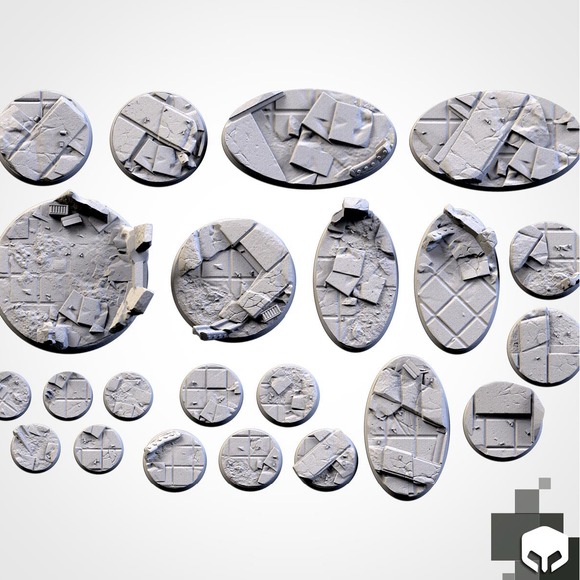 Filthy Casual Bases: 25mm City Bases (5)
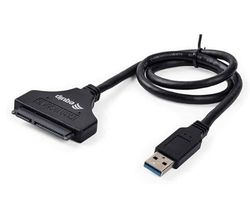 Adapterkabel - USB 3.0 till sata för 2,5" SSD- och HDD-skivor, snabb anslutning, perfekt för dataöverföring.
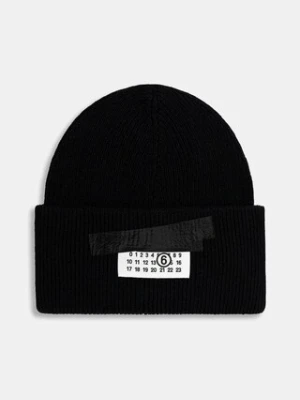 MM6 Maison Margiela czapka z wełną kolor czarny SH2TB0003.M13168.900S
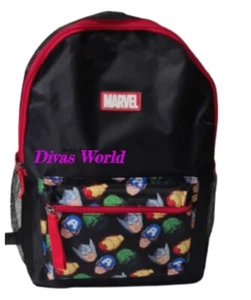 Marvel Avengers Superhero Backpack School Travel Rucksack Black Bag Xmas Gift - Picture 1 of 6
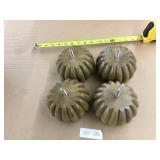 4 Carved Cracker Color Wooden Furniture Legs-Finis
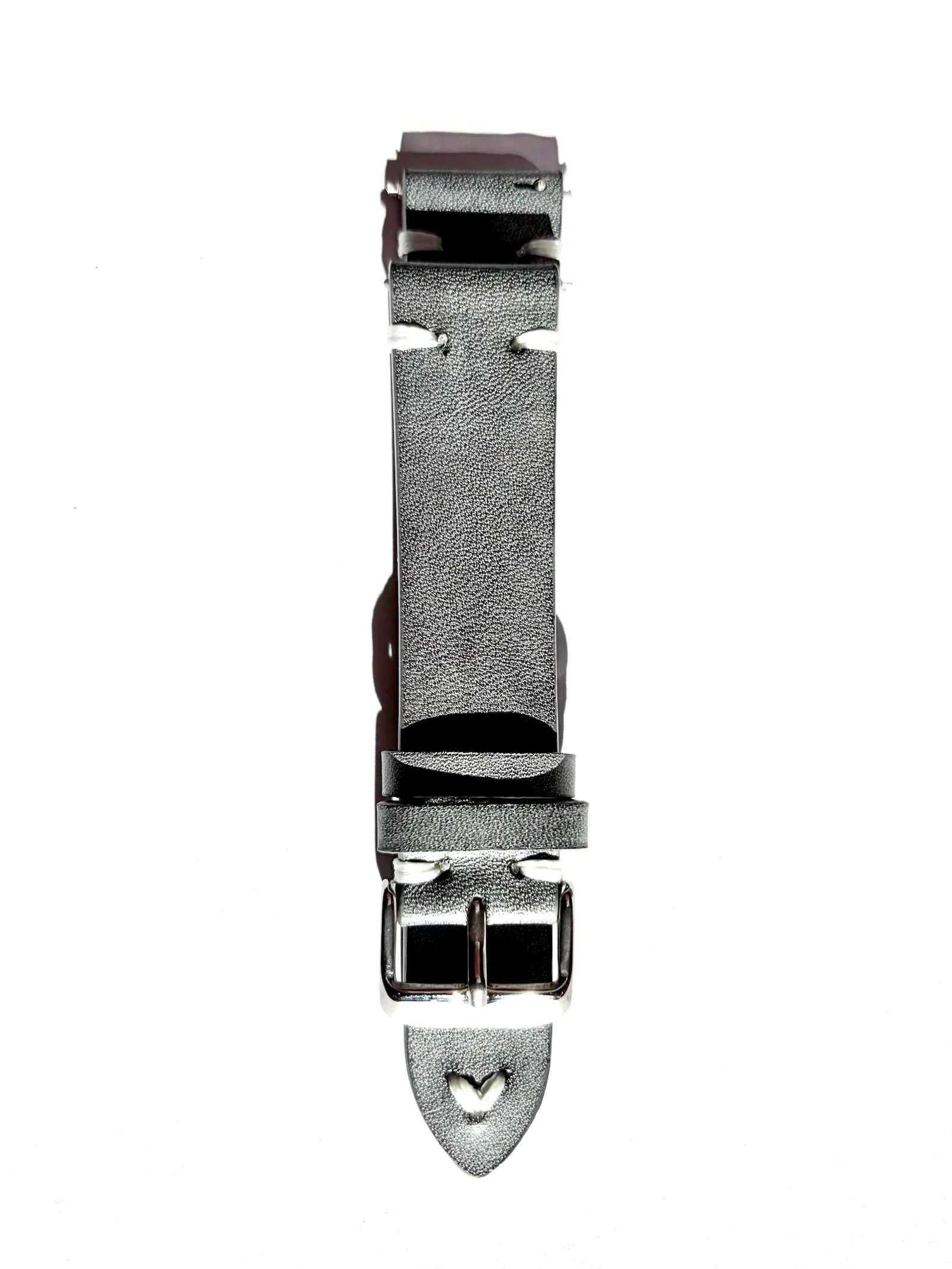leather watch strap vintage grey vild hamburg <b>BASALT</b> <br><small>Uhrenarmband Leder grau</small> – Bild 1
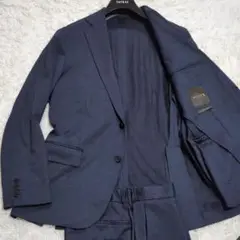 美品 L マッキントッシュ FLEXJERSEY ジャガードグレンチェックスーツ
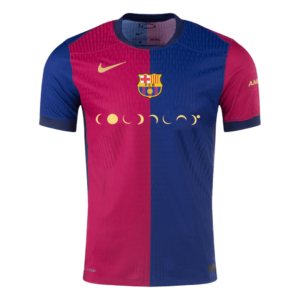 Barcelona Home Authentic Soccer Jersey 2024/25 - COLDPLAY
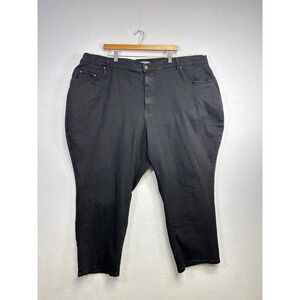 Catherines Womens Black Right Fit Curvy Straight Leg Denim Jeans‎ 30WP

* Exercise objective *
Write out exactly the lines from the one containing "Adapterkabel - USB" through the end of the records above, both included, leaving all pictures out.

* Result for this task *
 Adapterkabel - USB 3.0 till sata för 2,5" SSD- och HDD-skivor, snabb anslutning, perfekt för dataöverföring.
 MM6 Maison Margiela czapka z wełną kolor czarny SH2TB0003.M13168.900S
 Marvel Avengers Superhero Backpack School Travel Rucksack Black Bag Xmas Gift - Picture 1 of 6
 4 Carved Cracker Color Wooden Furniture Legs-Finis
leather watch strap vintage grey vild hamburg <b>BASALT</b> <br><small>Uhrenarmband Leder grau</small> – Bild 1
 美品 L マッキントッシュ FLEXJERSEY ジャガードグレンチェックスーツ
 Barcelona Home Authentic Soccer Jersey 2024/25 - COLDPLAY
 Catherines Womens Black Right Fit Curvy Straight Leg Denim Jeans‎ 30WP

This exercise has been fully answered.